*** Begin section ***

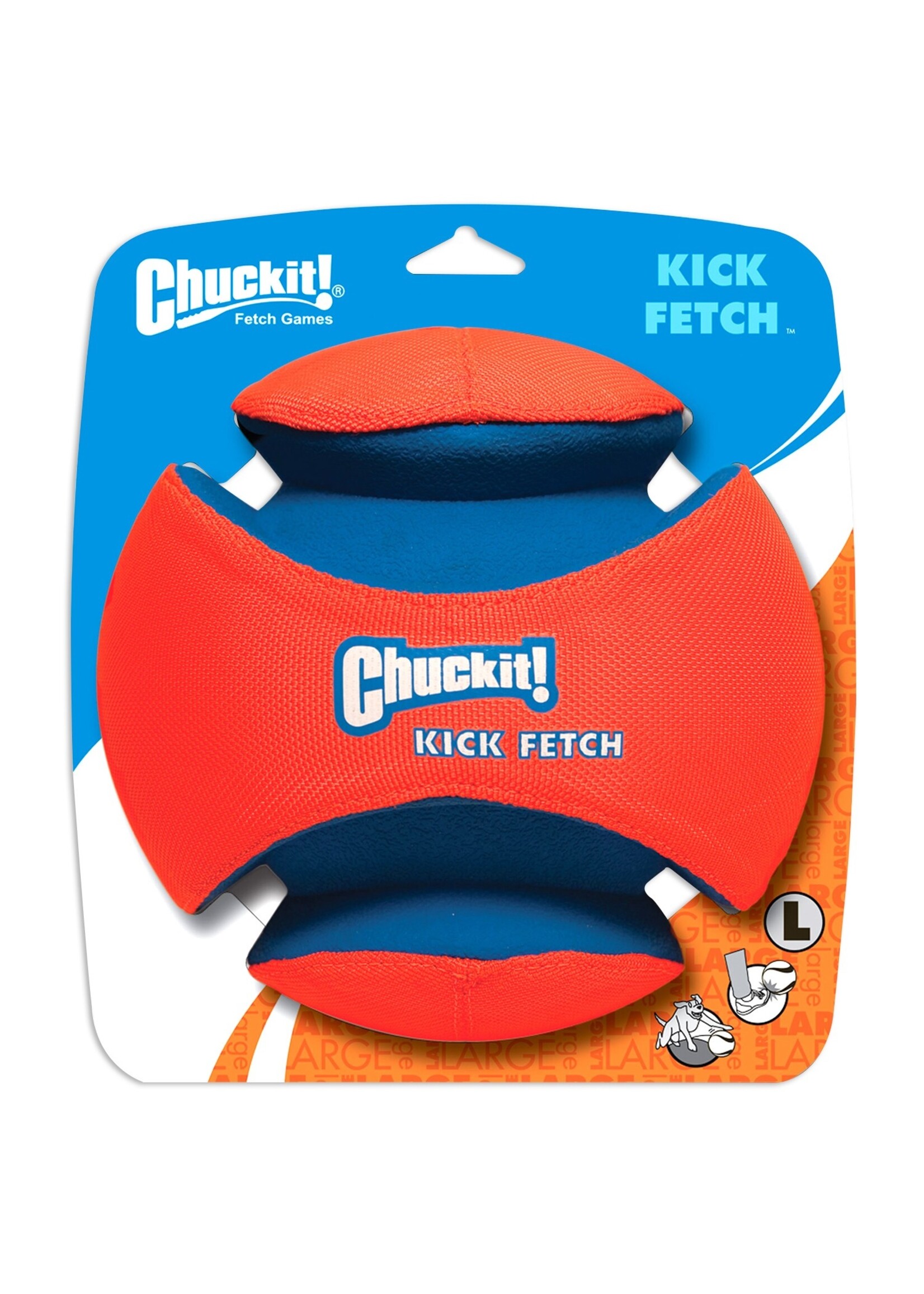 Chuckit! Chuckit! Kick Fetch Lightweight Canvas Ball Fetch Dog Toy Large Pack of 1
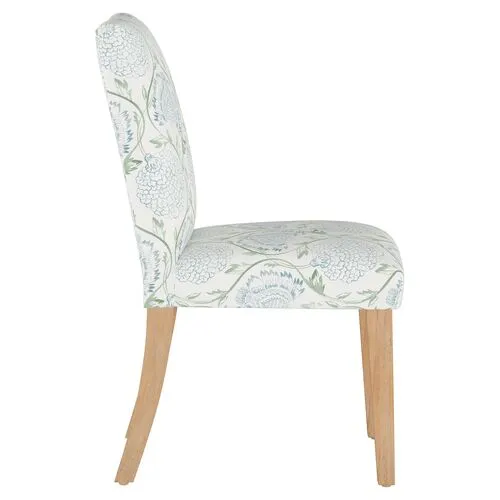 Shannon Side Chair - Ranjit Floral - Handcrafted - Green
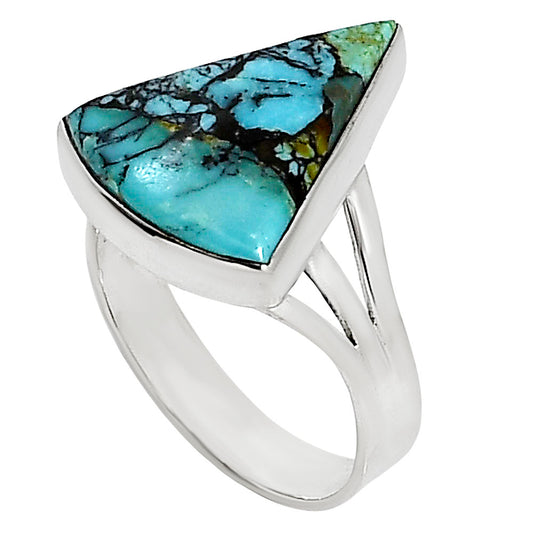 Lucky Charm Tibetan Turquoise Ring size-10 R-1003 33-ER15071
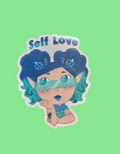 Self Love Transparent Sticker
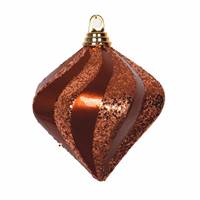 6" Copper Candy Glitter Swirl Diamond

*** End section ***

This calls for each record above to be set down exactly, with the images skipped.

 Chuckit! Chuckit! Kick Fetch Lightweight Canvas Ball Fetch Dog Toy Large Pack of 1
 Shannon Side Chair - Ranjit Floral - Handcrafted - Green
 Lucky Charm Tibetan Turquoise Ring size-10 R-1003 33-ER15071
 Self Love Transparent Sticker
 6" Copper Candy Glitter Swirl Diamond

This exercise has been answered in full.